Your task » The answer must consist solely of the lines below starting at the one containing "I was trying" and ending at the one containing "The next book", repeated exactly, with both ends included and all pictures omitted.

****************

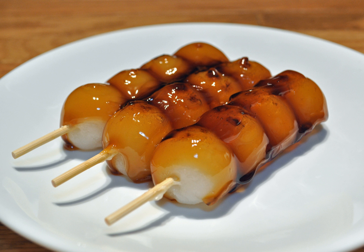Mitarashi Dango is a type of dango skewered onto sticks in groups of three to five, covered with a sweet soy sauce glaze. It is characterized by its glassy glaze and burnt fragrance.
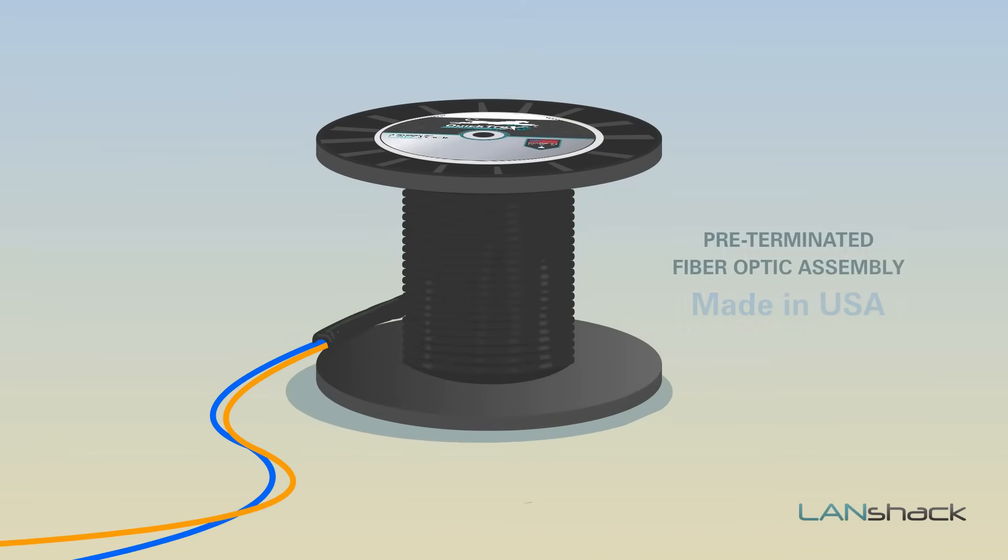All our fiber assemblies are made in the USA, at the time of your order, to your custom distance requirement, and are pre-connectorized so the item you receive is ready for a plug-and-play installation.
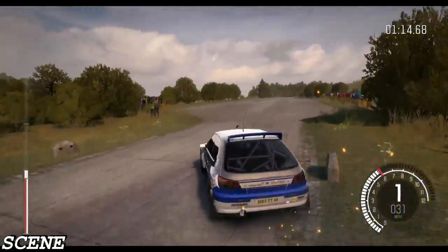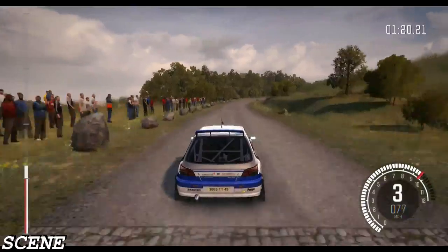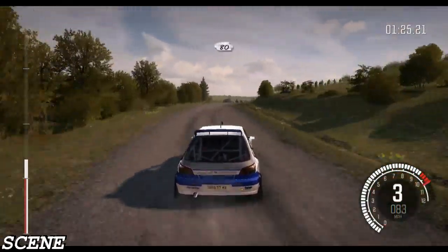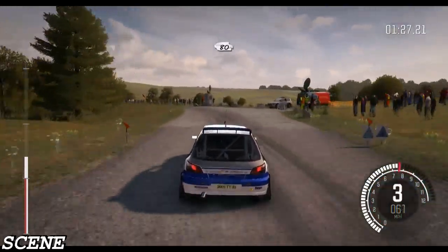Right 5 continues, 100. 100. Into caution, turn left 5, land camber, keep mid on exit, past junction, 80 crest.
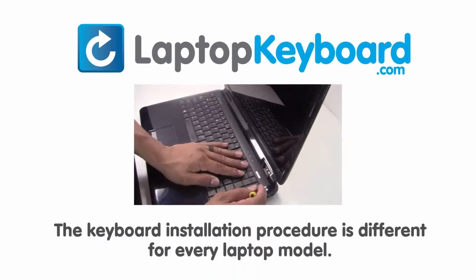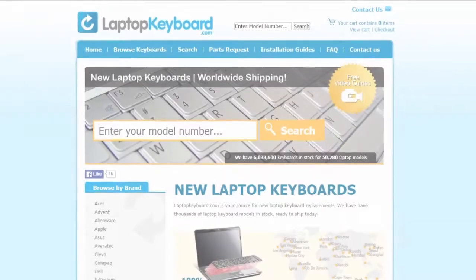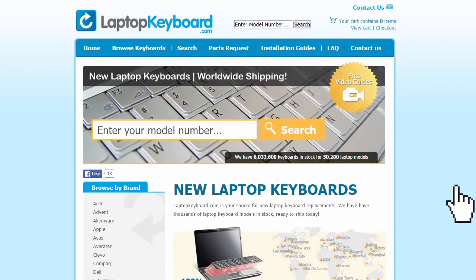The keyboard installation procedure is different for every laptop model. At LaptopKeyboard.com, we have created a searchable database of keyboard installation guides. Our database will allow you to find the exact installation guide for your laptop keyboard.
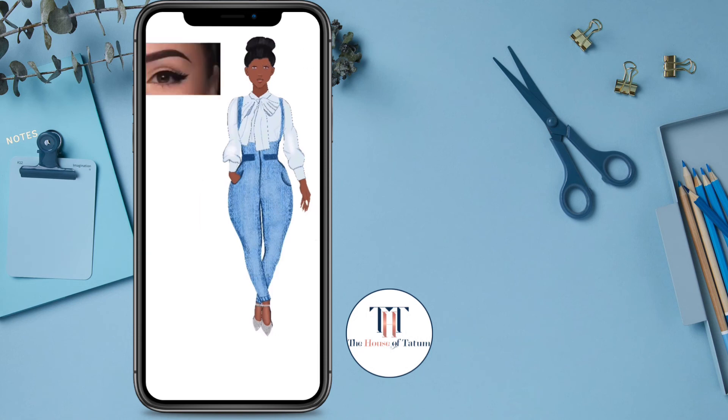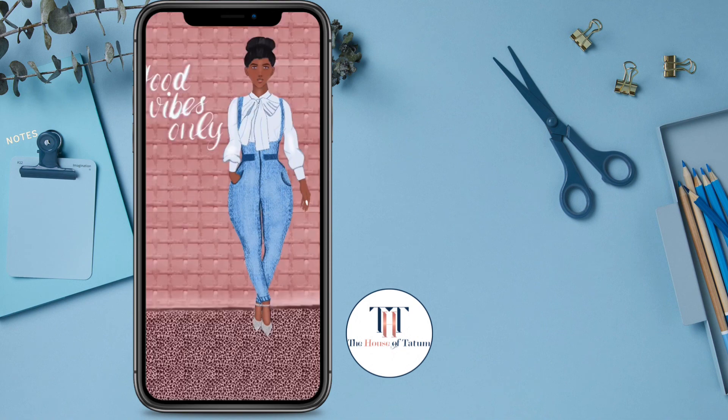I was trying to figure out the eyebrows. I had to get a picture, draw the eyebrows, and I made a stamp brush for the eyebrows so that I could always use it whenever I want to do eyebrows. Basically, I just made the eyebrow, copied it, imported it as a brush, and made a new brush so that I always have it.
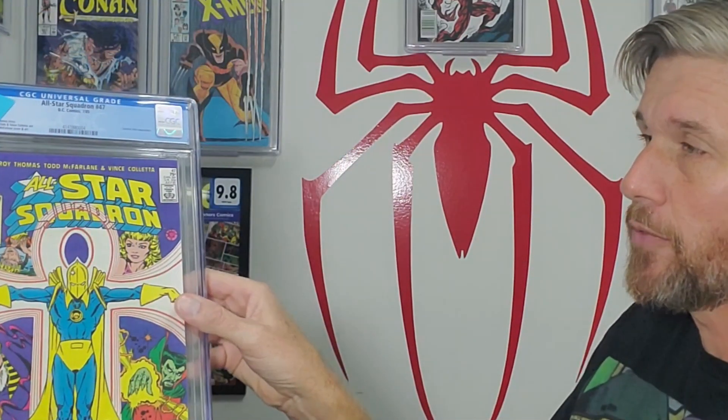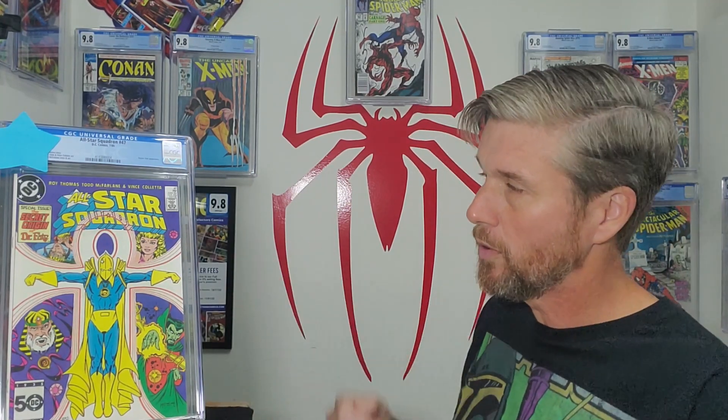The next book — I'm just going to do the three McFarlanes first. We have, once again, early art from Todd McFarlane. This is a key — the Origin of Dr. Fate — All-Star Squadron number 47. DC people love this book, and any comic collector who loves McFarlane will love this book.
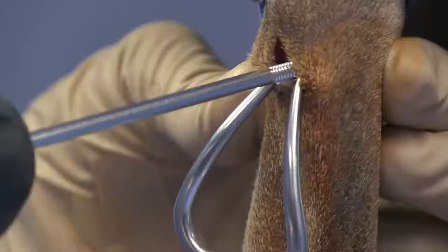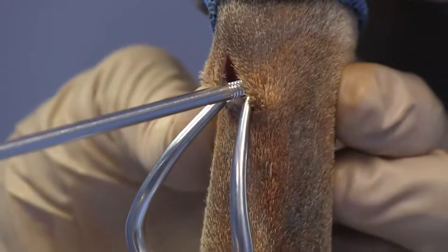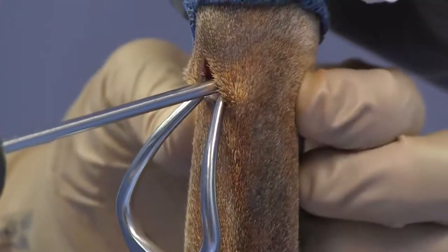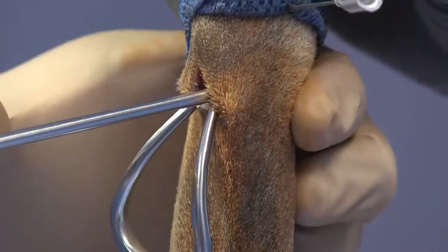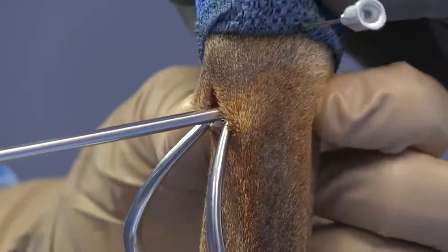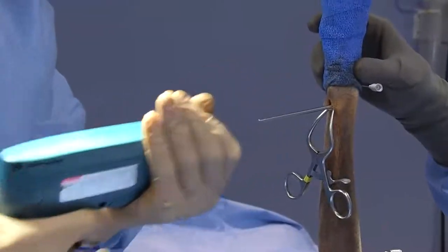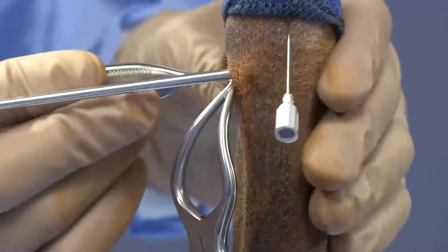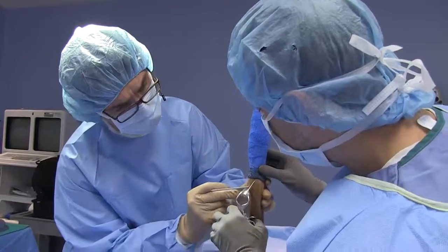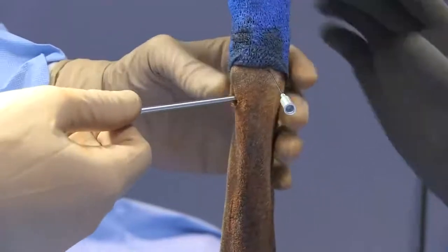I'm going to try to get my finger on the opposite side so I can feel when that pin starts to exit the opposite cortex, because I don't want too much sticking out into the soft tissues. I can actually palpate it right now, so we're going to go ahead and stop right there. We can go ahead and remove our Gelpis now — we've got our distal pin engaged.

****************

Task output »
I was trying to figure out the eyebrows. I had to get a picture, draw the eyebrows, and I made a stamp brush for the eyebrows so that I could always use it whenever I want to do eyebrows. Basically, I just made the eyebrow, copied it, imported it as a brush, and made a new brush so that I always have it.
The next book — I'm just going to do the three McFarlanes first. We have, once again, early art from Todd McFarlane. This is a key — the Origin of Dr. Fate — All-Star Squadron number 47. DC people love this book, and any comic collector who loves McFarlane will love this book.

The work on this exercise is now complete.